What you have to do -
Return the listing below exactly, with the pictures dropped.

Given information -
□ □ □ □ □ □ □
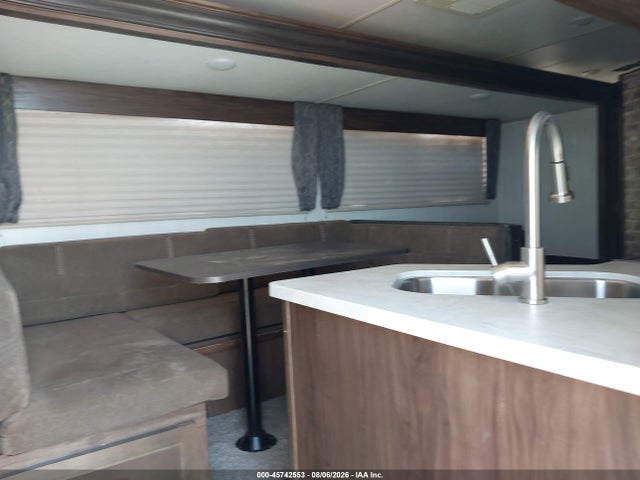 2019 Cherokee Grey Wolf მანქანა იყიდება აუქციონზე, vin: 4X4TCKE20KX137776, აუქციონის ნომერი: 45742553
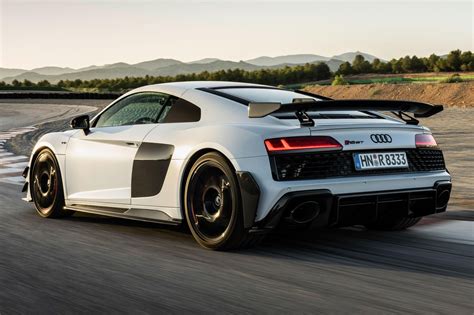 Audi R8 V10 GT RWD coupe unveiled | CarExpert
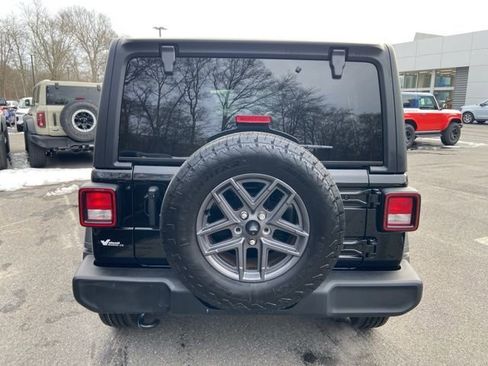 Certified 2024 Jeep Wrangler Sport S image 5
□ □ □ □ □ □ □
Result -
 2019 Cherokee Grey Wolf მანქანა იყიდება აუქციონზე, vin: 4X4TCKE20KX137776, აუქციონის ნომერი: 45742553
 Audi R8 V10 GT RWD coupe unveiled | CarExpert
 Certified 2024 Jeep Wrangler Sport S image 5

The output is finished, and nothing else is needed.